Nothing should be output except the lines from the top of the material below through the line that contains "Catalyst for preparing", each exactly as written.

* Provided data:
= = =

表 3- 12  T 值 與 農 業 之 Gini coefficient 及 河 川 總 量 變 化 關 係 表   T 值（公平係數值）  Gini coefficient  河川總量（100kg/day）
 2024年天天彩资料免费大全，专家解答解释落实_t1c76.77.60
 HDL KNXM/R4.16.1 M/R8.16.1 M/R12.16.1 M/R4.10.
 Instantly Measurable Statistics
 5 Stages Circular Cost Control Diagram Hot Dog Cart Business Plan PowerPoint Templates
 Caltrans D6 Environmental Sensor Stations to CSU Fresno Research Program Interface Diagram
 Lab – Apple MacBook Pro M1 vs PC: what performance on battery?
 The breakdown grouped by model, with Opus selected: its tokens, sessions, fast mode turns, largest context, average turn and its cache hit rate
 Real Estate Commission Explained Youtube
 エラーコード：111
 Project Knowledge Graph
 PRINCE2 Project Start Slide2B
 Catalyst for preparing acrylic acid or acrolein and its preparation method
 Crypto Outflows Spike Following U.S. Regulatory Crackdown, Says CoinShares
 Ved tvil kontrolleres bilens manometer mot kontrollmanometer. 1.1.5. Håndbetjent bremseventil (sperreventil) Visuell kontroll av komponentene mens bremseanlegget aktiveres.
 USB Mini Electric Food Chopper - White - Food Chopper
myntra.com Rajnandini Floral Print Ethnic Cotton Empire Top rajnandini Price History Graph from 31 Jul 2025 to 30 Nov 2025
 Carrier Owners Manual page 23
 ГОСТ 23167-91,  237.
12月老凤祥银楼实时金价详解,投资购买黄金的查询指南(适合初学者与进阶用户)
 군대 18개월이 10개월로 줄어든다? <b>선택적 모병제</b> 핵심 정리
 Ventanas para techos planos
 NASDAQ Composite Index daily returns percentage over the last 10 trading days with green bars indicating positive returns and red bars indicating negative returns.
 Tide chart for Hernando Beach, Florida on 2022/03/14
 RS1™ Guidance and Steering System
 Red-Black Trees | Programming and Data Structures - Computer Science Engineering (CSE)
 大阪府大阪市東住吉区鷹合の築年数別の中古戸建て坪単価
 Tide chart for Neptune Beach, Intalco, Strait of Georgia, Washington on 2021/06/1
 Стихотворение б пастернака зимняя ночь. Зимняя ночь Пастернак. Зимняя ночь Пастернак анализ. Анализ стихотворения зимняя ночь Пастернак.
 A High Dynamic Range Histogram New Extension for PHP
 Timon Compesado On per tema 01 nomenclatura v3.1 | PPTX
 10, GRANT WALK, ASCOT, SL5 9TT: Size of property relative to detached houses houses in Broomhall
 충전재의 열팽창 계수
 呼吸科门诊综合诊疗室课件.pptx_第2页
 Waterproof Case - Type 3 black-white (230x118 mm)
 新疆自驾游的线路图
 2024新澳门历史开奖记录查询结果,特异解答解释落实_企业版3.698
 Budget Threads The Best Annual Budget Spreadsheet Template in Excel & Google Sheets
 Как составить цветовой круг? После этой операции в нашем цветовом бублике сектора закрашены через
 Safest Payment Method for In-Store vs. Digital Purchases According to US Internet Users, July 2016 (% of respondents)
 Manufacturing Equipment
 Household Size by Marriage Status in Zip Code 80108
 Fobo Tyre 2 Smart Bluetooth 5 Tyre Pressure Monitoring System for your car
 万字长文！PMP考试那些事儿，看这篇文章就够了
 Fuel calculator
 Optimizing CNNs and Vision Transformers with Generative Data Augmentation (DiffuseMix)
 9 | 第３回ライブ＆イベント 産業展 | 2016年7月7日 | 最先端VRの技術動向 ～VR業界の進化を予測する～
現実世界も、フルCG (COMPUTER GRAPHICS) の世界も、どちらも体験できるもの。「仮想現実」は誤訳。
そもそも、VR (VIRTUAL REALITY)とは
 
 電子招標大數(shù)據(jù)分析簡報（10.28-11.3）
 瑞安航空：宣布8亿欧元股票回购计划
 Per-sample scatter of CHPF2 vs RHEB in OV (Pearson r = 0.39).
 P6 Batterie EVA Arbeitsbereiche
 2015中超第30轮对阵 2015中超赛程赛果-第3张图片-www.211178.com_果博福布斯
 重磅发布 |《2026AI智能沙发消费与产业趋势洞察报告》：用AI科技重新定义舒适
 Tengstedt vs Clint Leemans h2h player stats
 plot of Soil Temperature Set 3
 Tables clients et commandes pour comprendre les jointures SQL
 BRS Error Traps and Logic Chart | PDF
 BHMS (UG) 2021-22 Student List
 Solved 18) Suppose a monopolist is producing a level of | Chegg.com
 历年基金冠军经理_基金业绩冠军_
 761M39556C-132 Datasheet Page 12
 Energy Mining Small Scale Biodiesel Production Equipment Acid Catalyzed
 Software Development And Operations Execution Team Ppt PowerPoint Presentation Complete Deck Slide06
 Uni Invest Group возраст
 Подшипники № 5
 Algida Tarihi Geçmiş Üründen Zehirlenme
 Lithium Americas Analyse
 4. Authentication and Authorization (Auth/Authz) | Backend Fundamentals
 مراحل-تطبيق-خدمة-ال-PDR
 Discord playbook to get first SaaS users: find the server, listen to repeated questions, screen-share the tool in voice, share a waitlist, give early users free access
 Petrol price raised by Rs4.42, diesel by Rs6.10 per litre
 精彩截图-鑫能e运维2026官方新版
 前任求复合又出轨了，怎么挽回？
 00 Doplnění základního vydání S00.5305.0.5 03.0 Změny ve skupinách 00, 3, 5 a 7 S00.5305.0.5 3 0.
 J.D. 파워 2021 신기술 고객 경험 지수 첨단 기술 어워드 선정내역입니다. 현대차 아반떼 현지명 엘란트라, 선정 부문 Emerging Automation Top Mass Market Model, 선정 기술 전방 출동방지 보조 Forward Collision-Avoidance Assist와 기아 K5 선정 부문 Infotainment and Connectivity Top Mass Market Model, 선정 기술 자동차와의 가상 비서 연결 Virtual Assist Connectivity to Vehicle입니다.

= = =

* Result:
表 3- 12  T 值 與 農 業 之 Gini coefficient 及 河 川 總 量 變 化 關 係 表   T 值（公平係數值）  Gini coefficient  河川總量（100kg/day）
 2024年天天彩资料免费大全，专家解答解释落实_t1c76.77.60
 HDL KNXM/R4.16.1 M/R8.16.1 M/R12.16.1 M/R4.10.
 Instantly Measurable Statistics
 5 Stages Circular Cost Control Diagram Hot Dog Cart Business Plan PowerPoint Templates
 Caltrans D6 Environmental Sensor Stations to CSU Fresno Research Program Interface Diagram
 Lab – Apple MacBook Pro M1 vs PC: what performance on battery?
 The breakdown grouped by model, with Opus selected: its tokens, sessions, fast mode turns, largest context, average turn and its cache hit rate
 Real Estate Commission Explained Youtube
 エラーコード：111
 Project Knowledge Graph
 PRINCE2 Project Start Slide2B
 Catalyst for preparing acrylic acid or acrolein and its preparation method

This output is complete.